Methods inherited from class com.aliasi.corpus.StringParser
parse
 
Methods inherited from class com.aliasi.corpus.Parser
getHandler, parse, parse, parseString, setHandler
 
Methods inherited from class java.lang.Object
clone, equals, finalize, getClass, hashCode, notify, notifyAll, toString, wait, wait, wait
 

Constructor Detail

Reuters21578Parser

public Reuters21578Parser(String topic,
                          boolean includeTrainingDocuments,
                          boolean includeTestDocuments)
Deprecated. 
Construct a Reuters-21578 test collection parser for the specified topic that includes test and/or training documents as specified. See the corpus documentation above for a description of the corpus itself.

The topic specified must be available as part of the Reuters classification. If it isn't, the constructor will raise an illegal argument exception. The set of legal topics is available through availableTopics(), and a topic may be tested through isAvailableTopic(String).

Parameters:
topic - One of the topics in the Reuters collection.
includeTrainingDocuments - Set to true to handle training documents.
includeTestDocuments - Set to true to handle test documents.
Throws:
IllegalArgumentException - If the topic isn't an available topic for the Reuters collection.
Method Detail

parseString

public void parseString(char[] cs,
                        int start,
                        int end)
Deprecated. 
Implements the parser for character array slices. All other parse methods eventually call this implementation.

Specified by:
parseString in class Parser<ClassificationHandler<CharSequence,Classification>>
Parameters:
cs - Underlying character array.
start - Index of first character in the slice.
end - Index of the last character in the slice plus 1.

availableTopics

public static String[] availableTopics()
Deprecated. 
Returns an array consisting of all of the available topics in the Reuters collection. The complete list is shown in the class javadoc above.

The list is a copy, so changing it has no effect on this class.

Returns:
The topics for the Reuters collection.

isAvailableTopic

public static boolean isAvailableTopic(String topic)
Deprecated. 
Returns true if the specified topic is available in the Reuters collection.

Parameters:
topic - Topic to test.
Returns:
true if it available for classification.

corpus

@Deprecated
public static Corpus<ClassificationHandler<CharSequence,Classification>> corpus(String topic,
                                                                                           File directory)
                                                                         throws IOException
Deprecated. See class documentation.

Returns the corpus representation of the Reuters collection, for the specified topic, reading the SGML files from the specified directory.

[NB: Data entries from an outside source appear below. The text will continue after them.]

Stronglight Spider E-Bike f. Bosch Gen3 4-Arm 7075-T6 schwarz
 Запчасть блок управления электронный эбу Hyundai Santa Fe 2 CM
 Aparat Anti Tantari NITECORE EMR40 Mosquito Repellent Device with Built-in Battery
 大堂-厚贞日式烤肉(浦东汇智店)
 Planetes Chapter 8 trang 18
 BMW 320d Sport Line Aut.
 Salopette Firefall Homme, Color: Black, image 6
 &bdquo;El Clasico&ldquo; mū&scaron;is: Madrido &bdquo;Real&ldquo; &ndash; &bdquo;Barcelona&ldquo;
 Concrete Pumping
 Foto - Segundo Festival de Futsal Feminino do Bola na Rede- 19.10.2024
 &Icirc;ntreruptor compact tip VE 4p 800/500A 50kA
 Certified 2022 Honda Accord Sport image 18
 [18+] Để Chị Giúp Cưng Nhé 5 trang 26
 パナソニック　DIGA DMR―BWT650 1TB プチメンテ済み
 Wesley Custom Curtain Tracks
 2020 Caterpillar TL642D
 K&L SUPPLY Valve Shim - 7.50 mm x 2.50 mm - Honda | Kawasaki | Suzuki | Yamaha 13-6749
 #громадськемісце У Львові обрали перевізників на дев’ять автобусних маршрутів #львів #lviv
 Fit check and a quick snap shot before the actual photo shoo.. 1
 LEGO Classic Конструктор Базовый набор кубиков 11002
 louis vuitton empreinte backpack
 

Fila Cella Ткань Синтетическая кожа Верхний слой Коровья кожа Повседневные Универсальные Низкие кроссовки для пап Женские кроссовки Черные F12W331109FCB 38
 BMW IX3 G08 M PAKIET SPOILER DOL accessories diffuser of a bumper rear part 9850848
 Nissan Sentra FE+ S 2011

The directory specified is read each time the methods of the returned corpus are called. This streams the relevant parts of the corpus as needed, which requires less memory, but more time. It also requires the directory to stick around until needed.

Parameters:
topic - Topic for the corpus.
directory - Directory in which to find the corpus files.
Returns:
The corpus for the specified topic.
Throws:
IOException - If there is an underlying I/O error reading the corpus data.
IllegalArgumentException - If the topic is not available in the Reuters collection.